The range is also full of “easy-care” fabrics – wool, satin, cotton – because, says Cameron, working women “know you're not going to get through breakfast without getting a bit of baby sick or whatever on your outfit”.
Cameron’s move into fashion, while unusual for a British prime minister’s wife, isn’t entirely unexpected. The fine art graduate was creative director of luxury leather goods brand Smythson until her husband was elected Prime Minister in 2010, at which point she scaled back her role at the brand to a part-time consultancy role.
While in No 10, Cameron was frequently recognised as a significant figure in British fashion. Like her one-time US counterpart Michelle Obama – who was renowned for her support of modern American designers – Cameron used her position in the political spotlight to champion her favourite British brands, and she was appointed an ambassador to the British Fashion Council in 2011.
That she was firmly a member of the Conservative establishment made Cameron’s taste in clothes all the more interesting. Rather than playing it safe in traditional skirt suits, she favoured bright colours, bold prints and simple shapes from the likes of ‘cool’ designers such as Roksanda Ilincic, Christopher Kane, Jonathan Saunders and Erdem, as well as mixing up high street brands from L.K. Bennet to Zara.

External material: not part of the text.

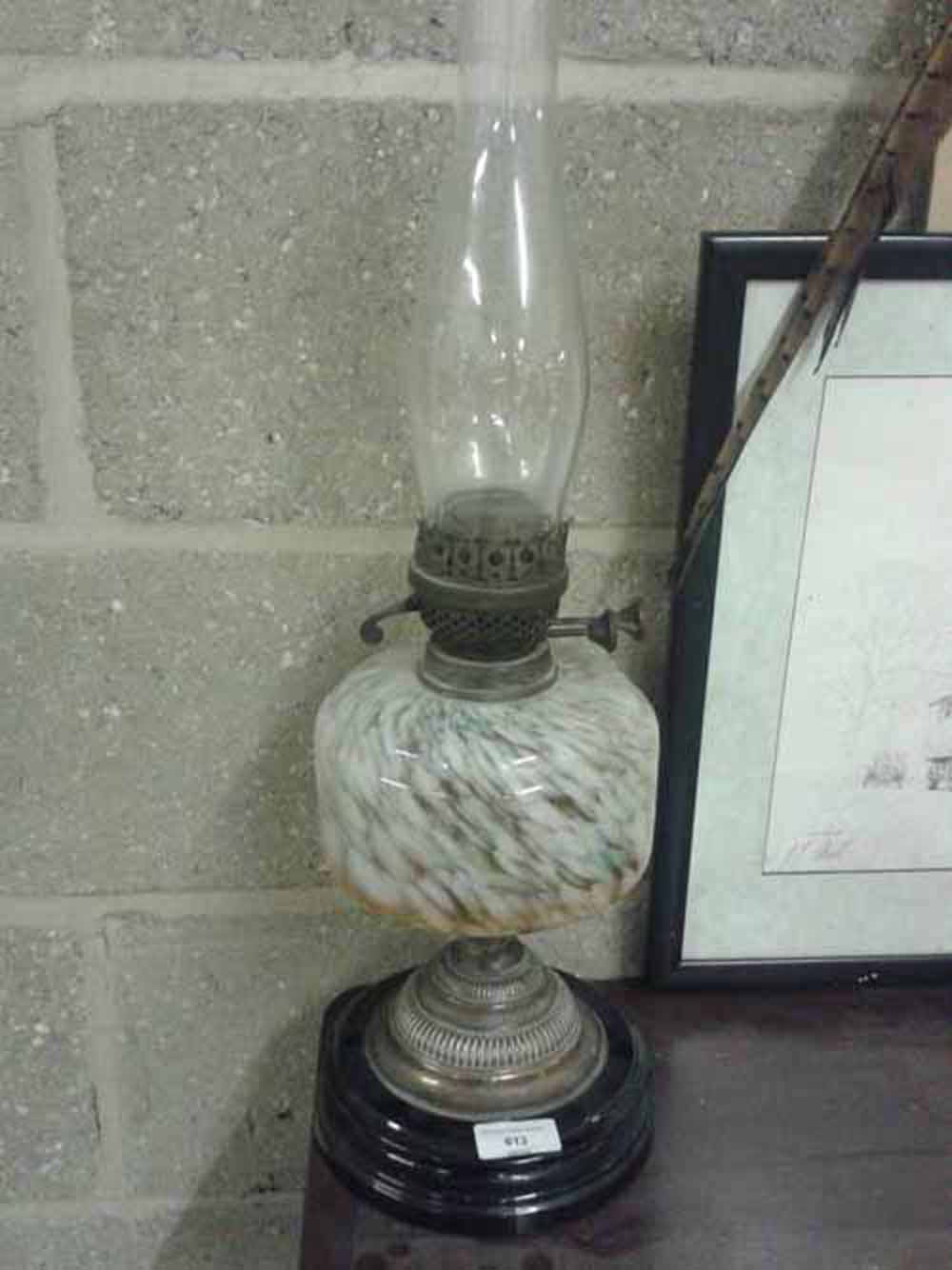 A Victorian/Edwardian oil lamp with mottled glass font - metal pedestal in need of straightening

Cameron, who says she took up sewing lessons while pregnant with her daughter Florence in 2010, says that she was determined to try her hand at running a fashion brand, despite being “terrified” at the public reaction.

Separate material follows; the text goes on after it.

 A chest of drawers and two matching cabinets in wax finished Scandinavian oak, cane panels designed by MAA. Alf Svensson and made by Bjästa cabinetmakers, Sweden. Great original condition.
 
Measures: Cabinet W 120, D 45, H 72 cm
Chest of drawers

“I don't want to look back on my life and think, ‘You've always wanted to do this and you never did it’,” she says.
“It was really lovely to be able to take time out and spend more time with the children for almost six years. But I was definitely ready to get back to the nitty-gritty.”
She adds that her husband has been “unbelievably supportive”.
“He’s like, you know, ‘I did my thing; your turn to do your thing’.”